After much outcry (almost 50,000 posts on the subject in less than 3 days!), and no few examples of why this is was a bad move, Blizzard announced Friday morning that they were stepping back from the proposed change. Blizzard Community Manager “Nethaera” posted the following message from Blizzard CEO and co-founder Mike Mohraime:
Hello everyone,I’d like to take some time to speak with all of you regarding our desire to make the Blizzard forums a better place for players to discuss our games. We’ve been constantly monitoring the feedback you’ve given us, as well as internally discussing your concerns about the use of real names on our forums. As a result of those discussions, we’ve decided at this time that real names will not be required for posting on official Blizzard forums.
…
You can read the rest of the message from Mr. Morhaime on the official Blizzard WoW forums.
I am personally glad that they have backed away from the stance. I appreciate their stated reasoning behind wanting to make people post messages under their true names instead of some pseudonym. People are more likely to avoid posting rude, obnoxious and assaultive messages if they have to sign their own name to them. At least, that’s the thinking. Some of the more passionate trolls would still persist, I have no doubt.
However, the risk of abuse for the innocent message board members in such a system is too high, as one person was able to easily show with about 15-20 minutes of searching. On the blog “What’s in a name?”, the author uses public information searches on the internet to show just how much is available if all you know is someone’s first and last name.
From the wedding albums of Blizzard employees (turns out that Mr. Morhaime had that message posted on Friday, during his honeymoon … now that’s dedication!), to where their homes are located and how much those homes are worth, to where their children go to school, to the Facebook pages of their spouses. Yeah, folks, it’s all there. All you need to do is know someone’s name.
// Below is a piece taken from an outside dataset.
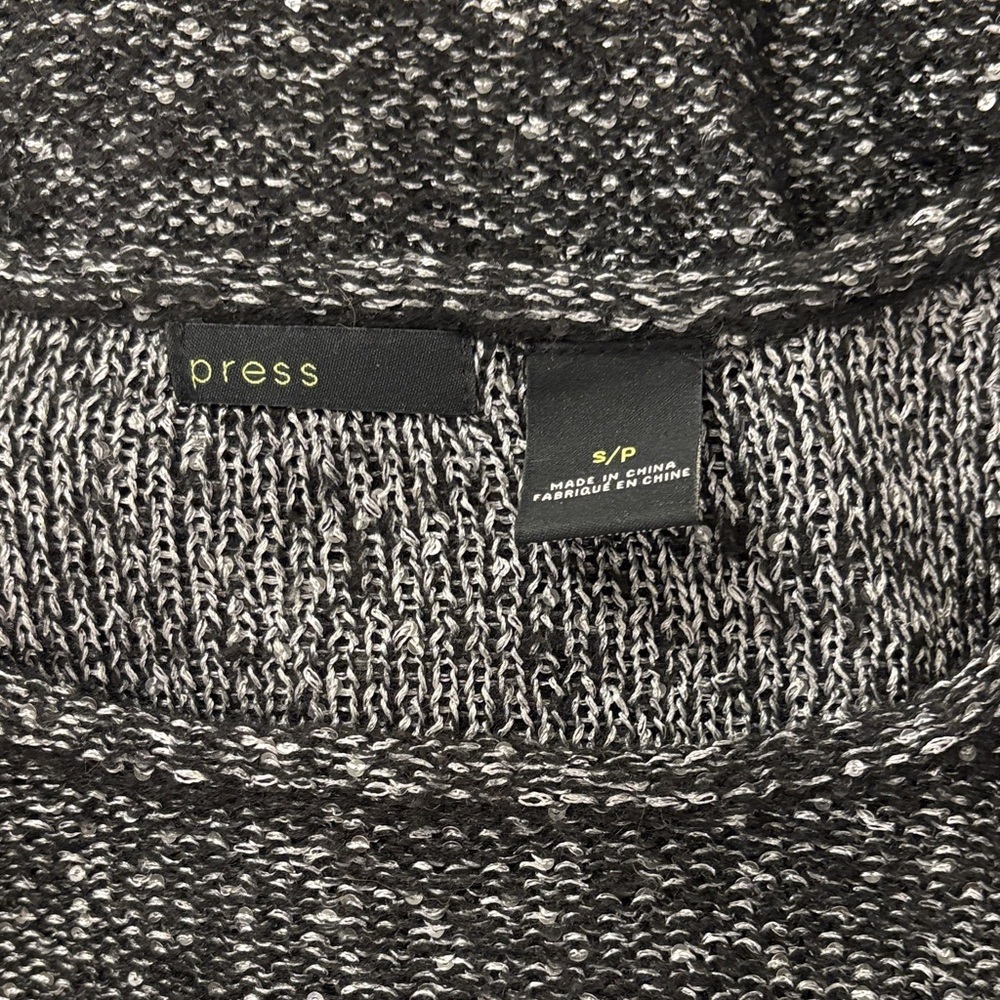 Press Sweater - Picture 5 of 5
I do notice that the pictures of the Blizzard coder and his new wife have been taken down. Also, I see that several of the Blizzard employees have now removed all the information on their Facebook profiles as well as either deleting or password-protecting their personal websites and blogs. They must not have liked having millions of irritated people reading their wedding diary, or reading about what television shows and bands their wife likes …
I find it ironic that Blizzard should dislike people looking up such personal information about them when it is solely based on the the same things they want to make available to everyone.
“The lady doth protest too much, methinks” – Shakespeare.